> WHAT TO PRODUCE: Below is a listing; retype exactly the line with "Used Kia Sportage" and every line after it through the end, and only those, leaving out the pictures.

> GIVEN MATERIAL:

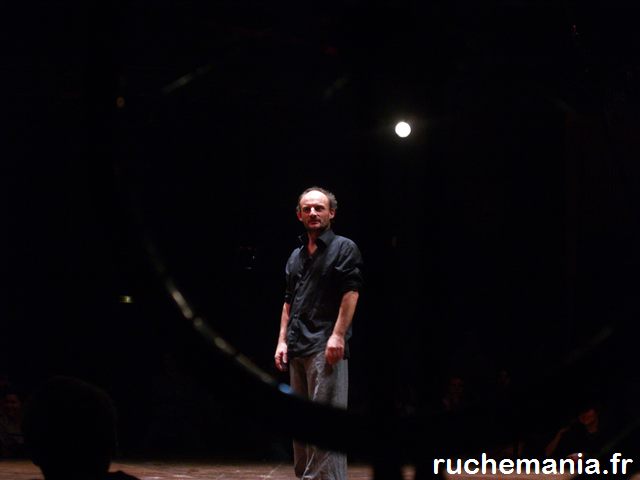 Cie Attention Fragile : Fournaise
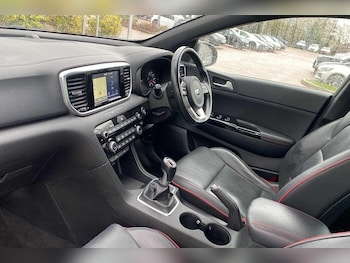 Used Kia Sportage 2020 for sale - 77305559: Photo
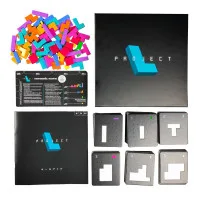 настольная игра Проект L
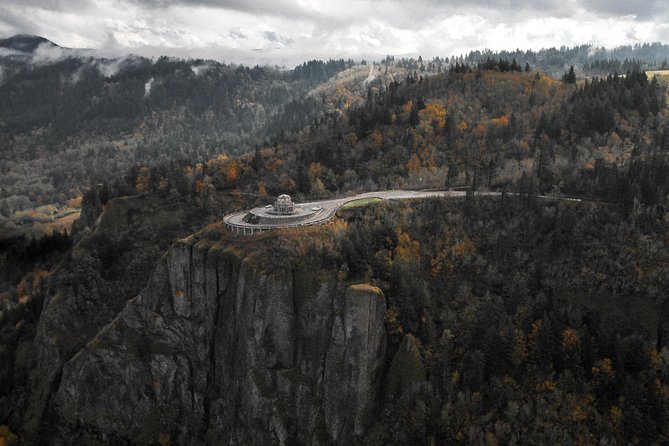 Stunning Air Tour of the Columbia River Gorge by Envi Adventures - Small group size, personal attention, and photo moments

> EXERCISE SOLUTION:
 Used Kia Sportage 2020 for sale - 77305559: Photo
 настольная игра Проект L
 Stunning Air Tour of the Columbia River Gorge by Envi Adventures - Small group size, personal attention, and photo moments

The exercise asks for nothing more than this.